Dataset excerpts
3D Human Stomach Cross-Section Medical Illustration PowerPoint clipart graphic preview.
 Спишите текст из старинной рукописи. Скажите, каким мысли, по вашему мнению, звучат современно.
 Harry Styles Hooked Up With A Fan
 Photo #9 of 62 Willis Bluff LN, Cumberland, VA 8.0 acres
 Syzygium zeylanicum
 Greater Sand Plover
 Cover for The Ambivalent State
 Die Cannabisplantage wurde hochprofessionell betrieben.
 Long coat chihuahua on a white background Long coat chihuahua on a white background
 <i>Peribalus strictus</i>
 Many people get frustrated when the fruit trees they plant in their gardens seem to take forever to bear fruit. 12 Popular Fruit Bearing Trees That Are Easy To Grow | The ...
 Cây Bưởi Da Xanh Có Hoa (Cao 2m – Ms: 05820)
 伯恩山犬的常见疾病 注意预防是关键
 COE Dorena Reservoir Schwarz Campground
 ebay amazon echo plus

§ ACTIVITY: Each line of the records above must be copied exactly.

§ SOLUTION TO THE PROBLEM:
3D Human Stomach Cross-Section Medical Illustration PowerPoint clipart graphic preview.
 Спишите текст из старинной рукописи. Скажите, каким мысли, по вашему мнению, звучат современно.
 Harry Styles Hooked Up With A Fan
 Photo #9 of 62 Willis Bluff LN, Cumberland, VA 8.0 acres
 Syzygium zeylanicum
 Greater Sand Plover
 Cover for The Ambivalent State
 Die Cannabisplantage wurde hochprofessionell betrieben.
 Long coat chihuahua on a white background Long coat chihuahua on a white background
 <i>Peribalus strictus</i>
 Many people get frustrated when the fruit trees they plant in their gardens seem to take forever to bear fruit. 12 Popular Fruit Bearing Trees That Are Easy To Grow | The ...
 Cây Bưởi Da Xanh Có Hoa (Cao 2m – Ms: 05820)
 伯恩山犬的常见疾病 注意预防是关键
 COE Dorena Reservoir Schwarz Campground
 ebay amazon echo plus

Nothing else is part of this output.